Protests arose following Telstra's announcement of cut-price ADSL and cable services for retail customers -- starting at AU$29.95 -- with rival Internet providers saying they are unable to make a profit as some wholesale prices they secure from the carrier are higher than the retail prices now being offered by BigPond.

However, Telstra says current prices allow adequate margins across the wholesale product range, as negative margins in some wholesale product areas may be counteracted by large profit margins derived from other products.

Rod Bruem, a Telstra NSW spokesperson, says that there had been ongoing talks with the Australian Competition and Consumer Commission regarding the new price packages and that the watchdog was aware of the telecommunications company's plans before their release.

Bruem said the new "entry level" deals may not harm all the carrier's wholesale customers as wholesale prices vary according to the size of the buyer.
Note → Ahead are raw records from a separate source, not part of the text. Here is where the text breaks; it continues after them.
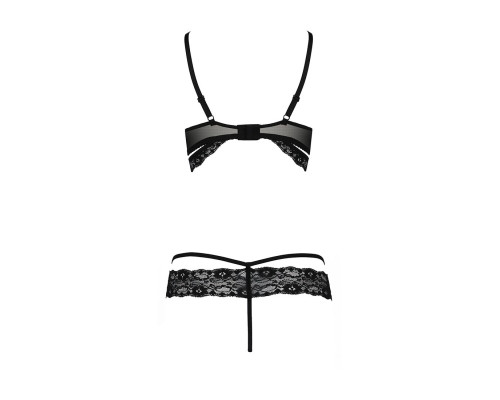Комплект білизни Passion Exclusive SARIA SET OpenBra L/XL, black, стрепи, відкритий ліф, стрінги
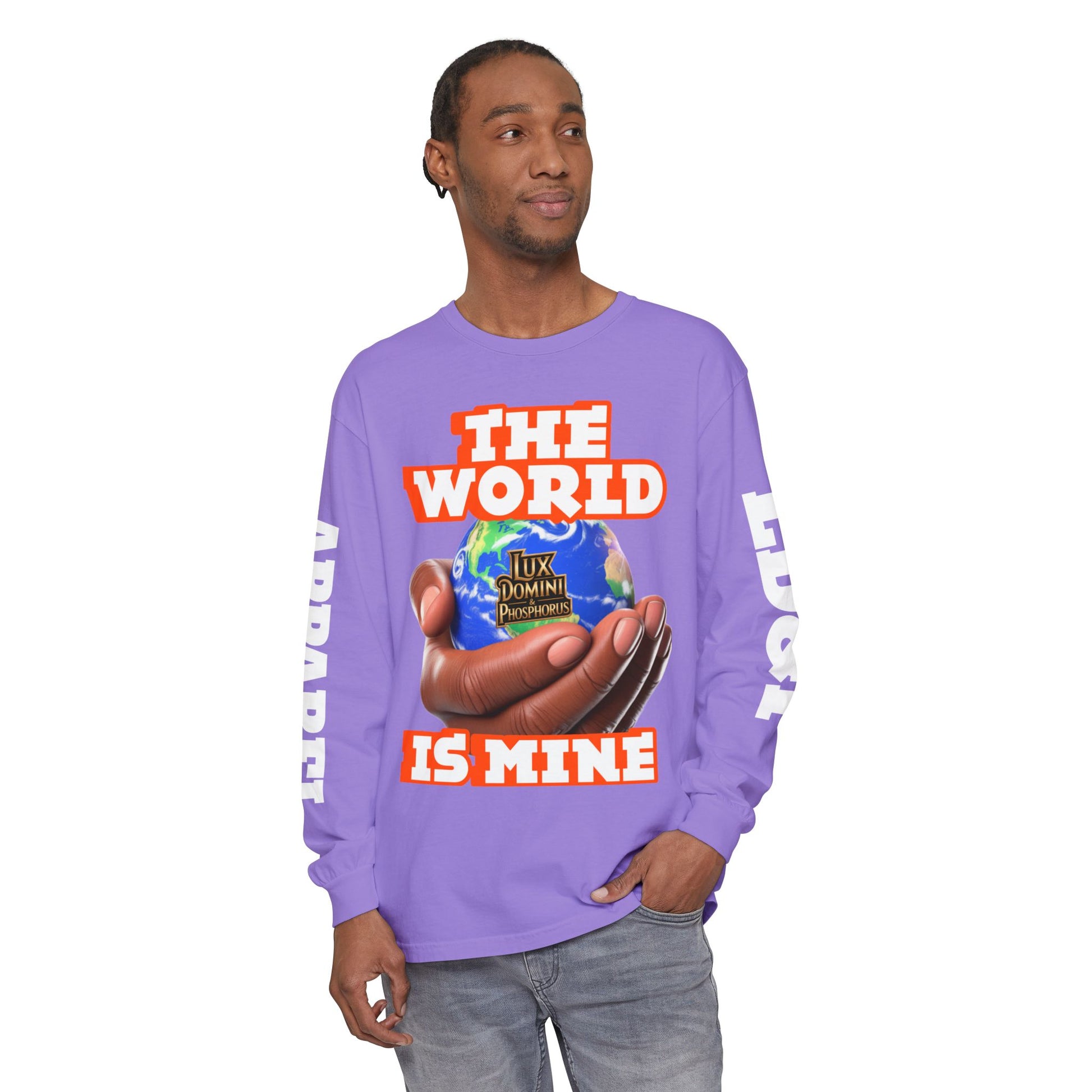 Garment-dyed Long Sleeve T-Shirt - The World Is Mine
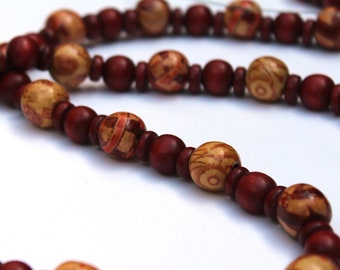 Wood Bead Necklace, Red and Tan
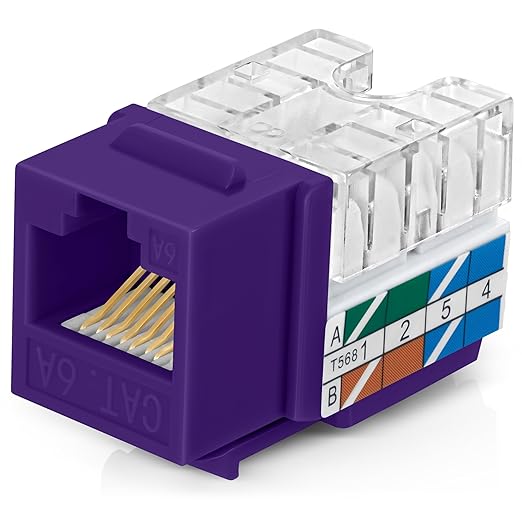 Everest 90° Angled RJ45 Cat6A Keystone Jacks 20-Pack in Purple - Slim Profile Female RJ45 Connectors - Cat 6A Keystone Jack - Compatible with 90° Angled Speed Termination Tool - easyJACK (B094WB91H3)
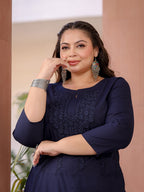 Yufta Navy Blue Floral Plus Size Chikankari Kurti Women - Distacart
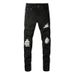 Men's Slim Fit Distressed Jeans - Black Stretch Denim Pants With Patchwork & Embroidery Details, Comfortable Cotton Fabric For Casual Wear_voghion.com
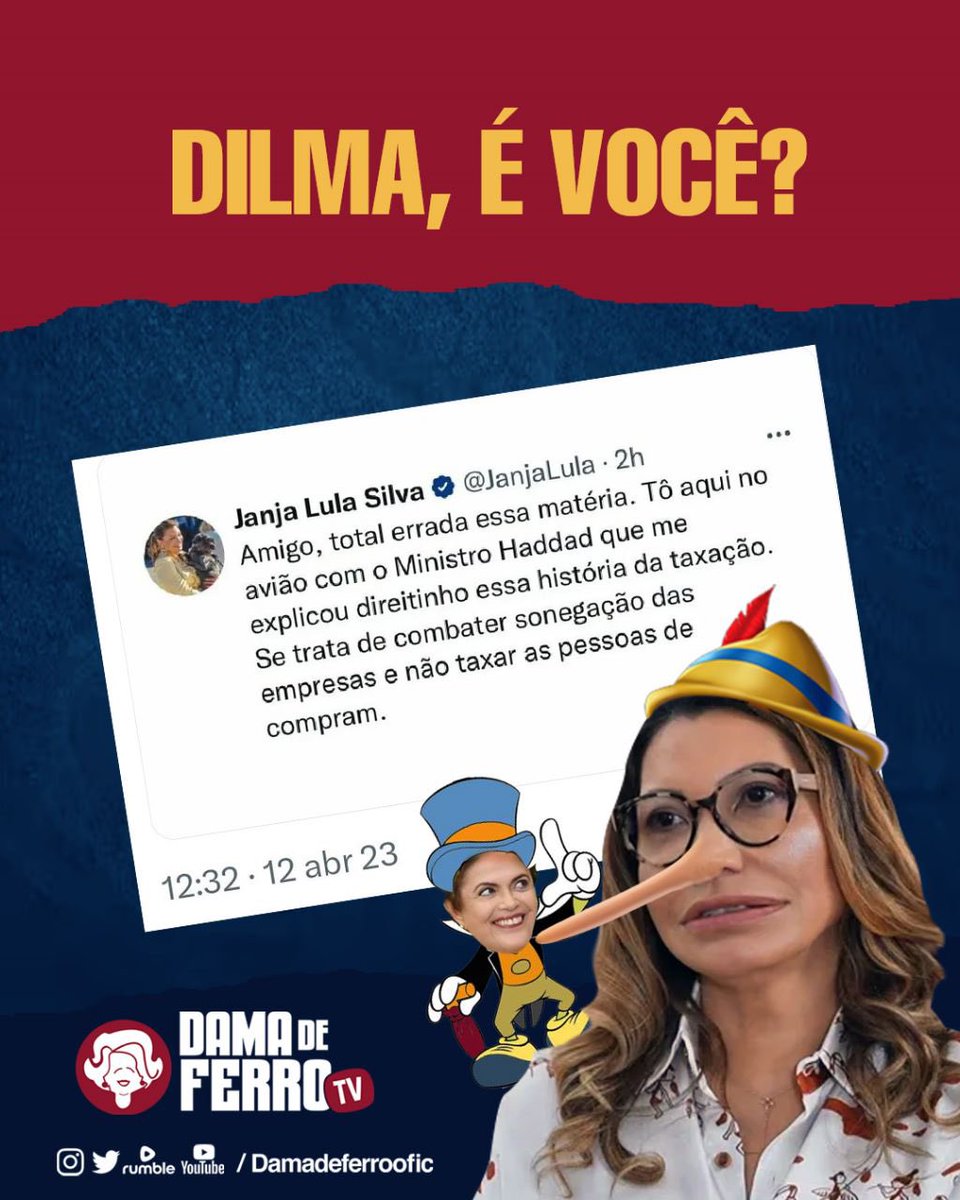 DamaDeFerroAcad's tweet photo. A primeira-dama Sra Pinocchio 🤡 https://t.co/2ypoHaDewA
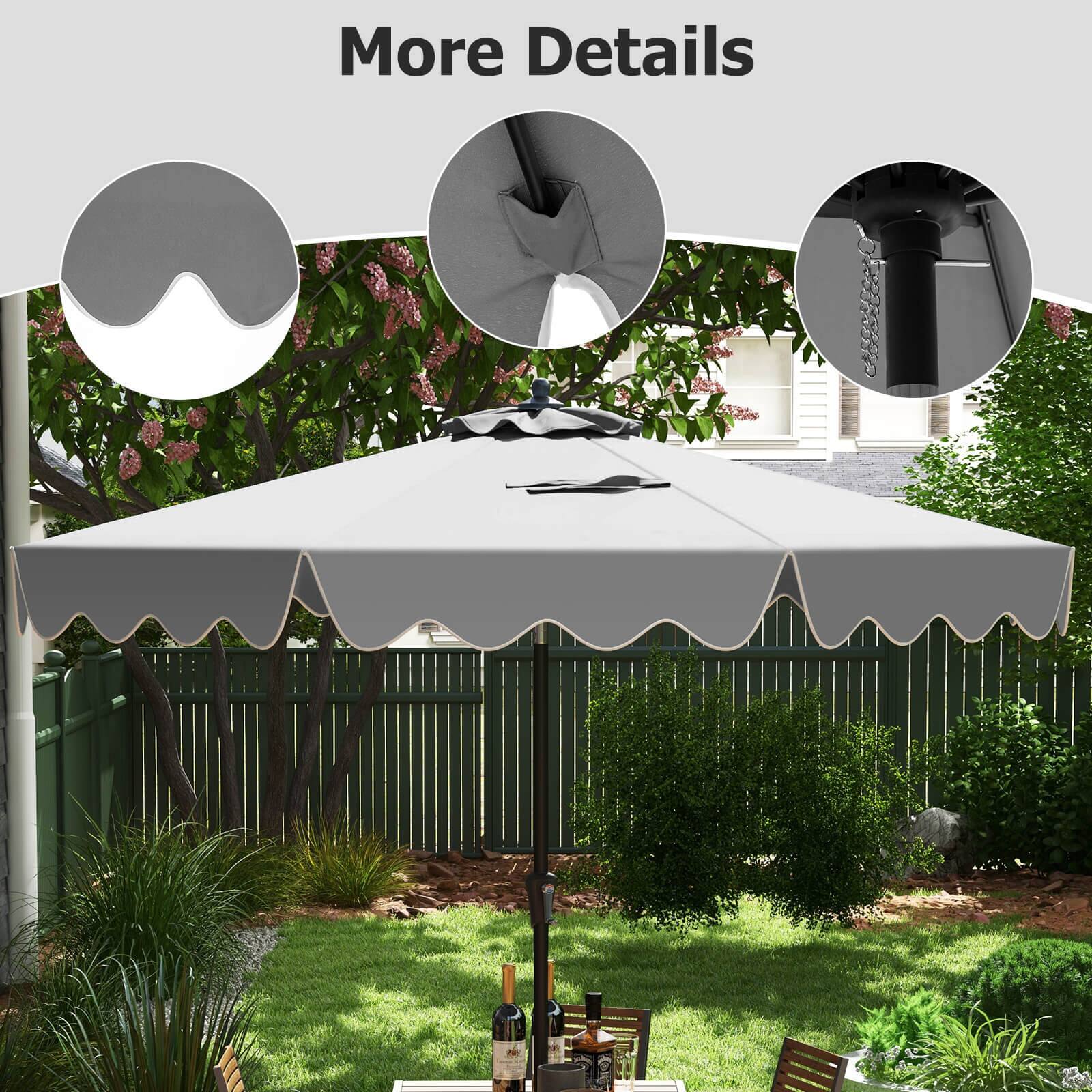 The image features a backyard scene with a large white umbrella, which is open and providing shade. The umbrella is situated in the center of the yard, surrounded by a fence. There is a dining table under the umbrella, with several chairs placed around it. 

In addition to the umbrella and table, there are multiple bottles scattered throughout the scene, possibly indicating a gathering or a casual outdoor event. The overall atmosphere of the image suggests a relaxing and enjoyable outdoor setting.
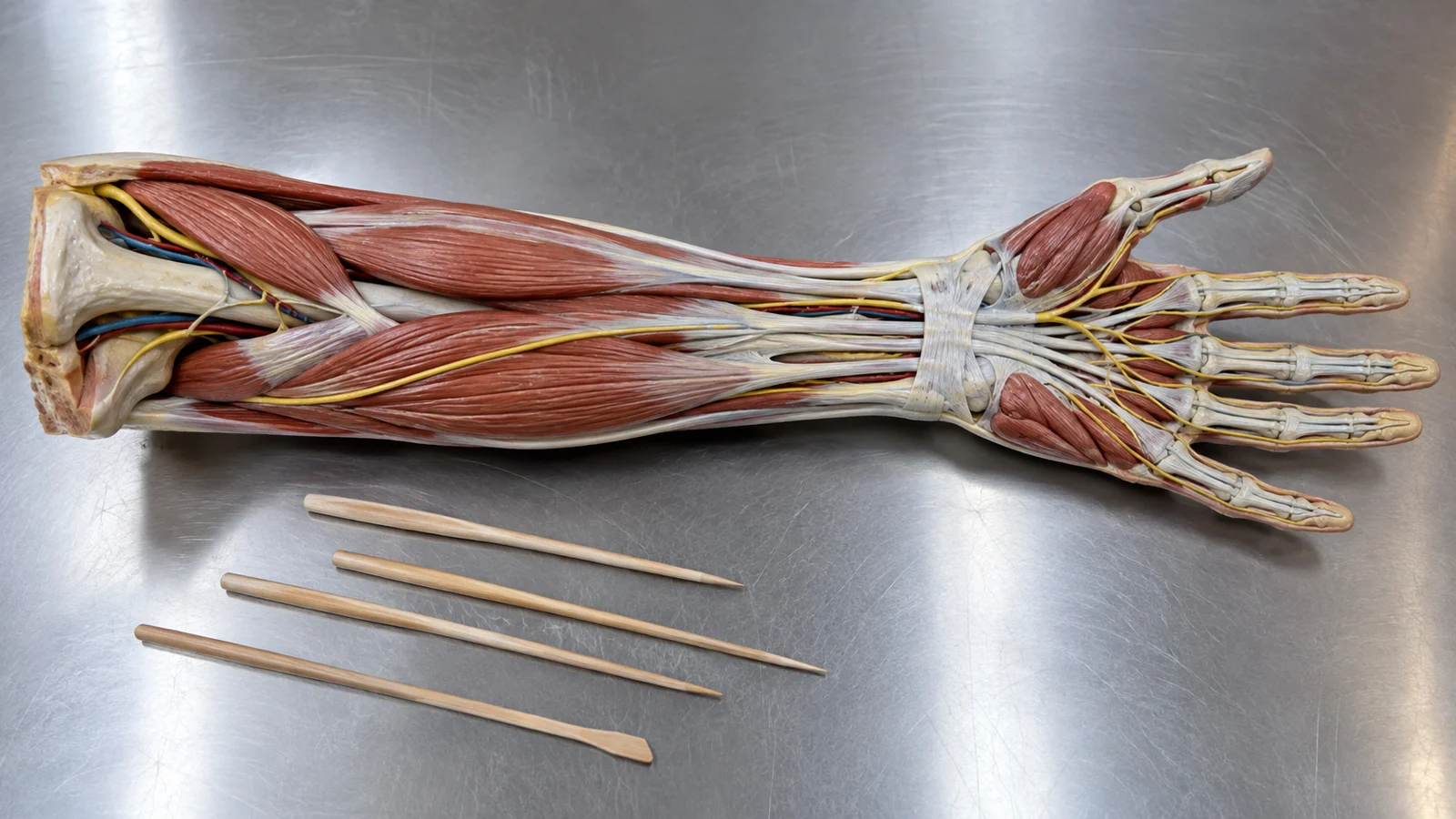 Synthetic forearm model showing muscles, tendons, bones, and nerves
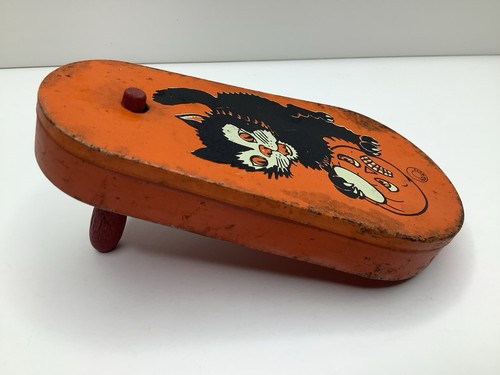 Vintage Halloween T. Cohn Tin Noisemaker Black Cat Jack-O-Lantern USA *Read* - Afbeelding 3 van 8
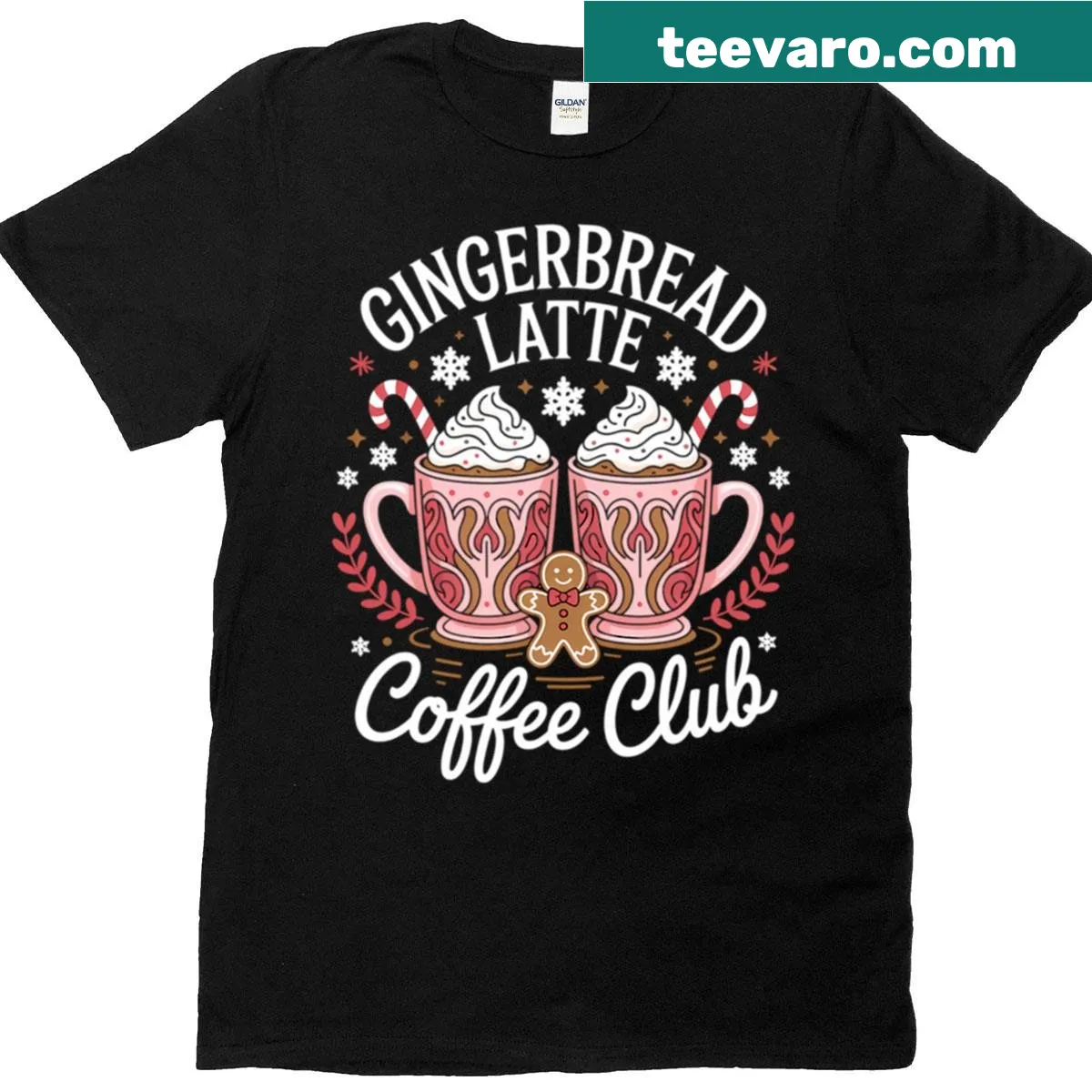 Funny gingerbread martini graphic on a holiday t-shirt — on a men's t-shirt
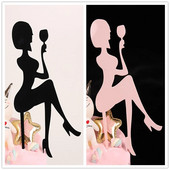 Fashion Lady Girl Cake Topper Ακρυλικό Διακόσμηση γαμήλιας τούρτας σημαία Χρόνια πολλά Cupcake Toppers Προμήθειες για εορταστικό πάρτι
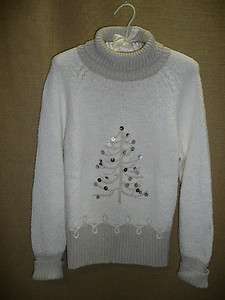 Talbots Deep Ivory cotton blend turtleneck Sweater w Christmas Tree 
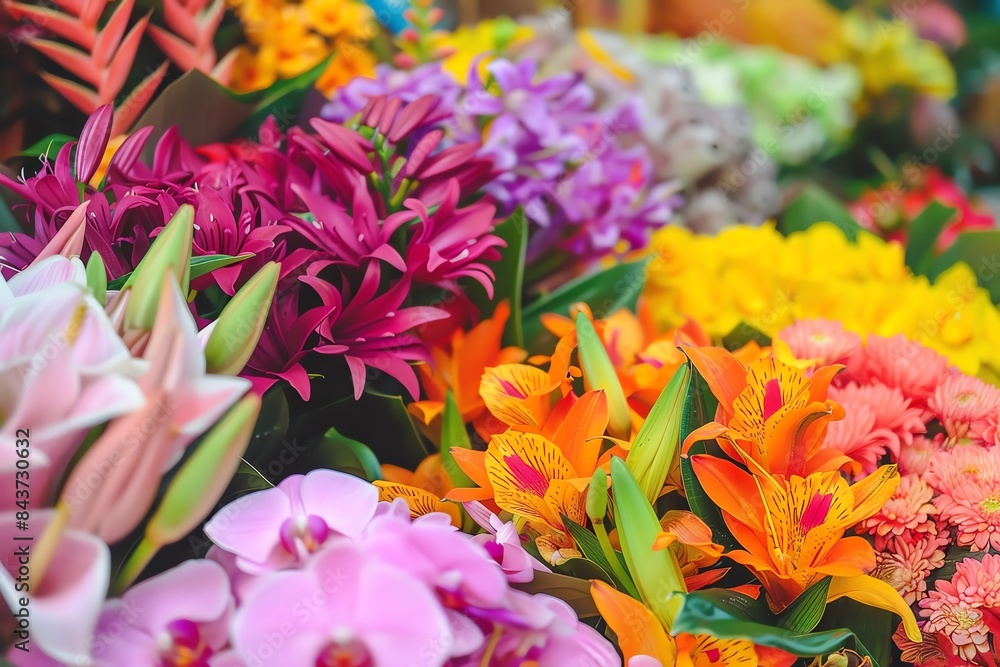 A vibrant display of colorful flowers in a market stall, showcasing the beauty and diversity of nature. A vibrant display of colorful flowers in a market stall, showcasing the beauty and diversity of nature.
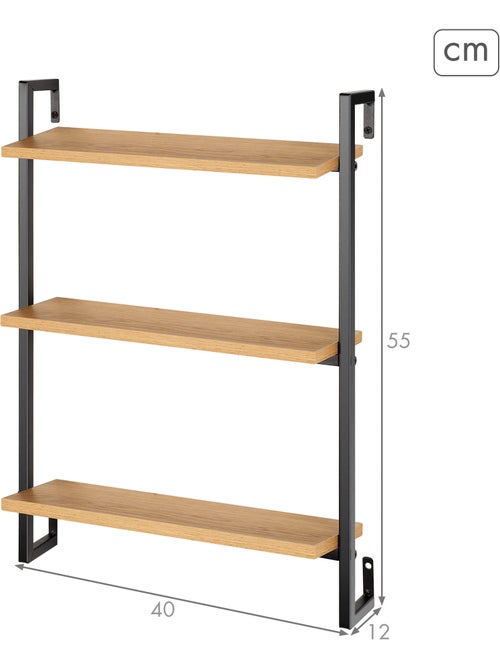 Max home estantería pared madera 3 estantes 40x12x55 cm - Kiabi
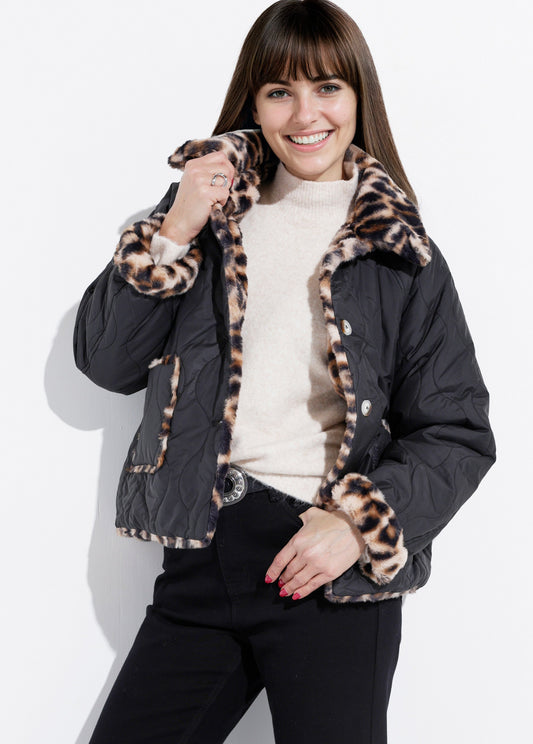 Veste matelassée réversible léopard - Noir/Léopard - Orika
He agreed that the impact would be felt most by smaller Internet service providers.

"We are talking with wholesale customers individually and confidentially," said Bruem, adding "We believe that our pricing is competitive and that we are meeting our obligation to our customers".

Bruem said talks with the ACCC were continuing, with possible outcomes being a reduction in wholesale prices, a raising of retail prices or the watchdog giving the green light to the carrier's move, undertaken a day before rival Optus launched its residential DSL service.

"We believe this pricing will stimulate broadband take-up, and that is for the good of the entire industry," said Bruem.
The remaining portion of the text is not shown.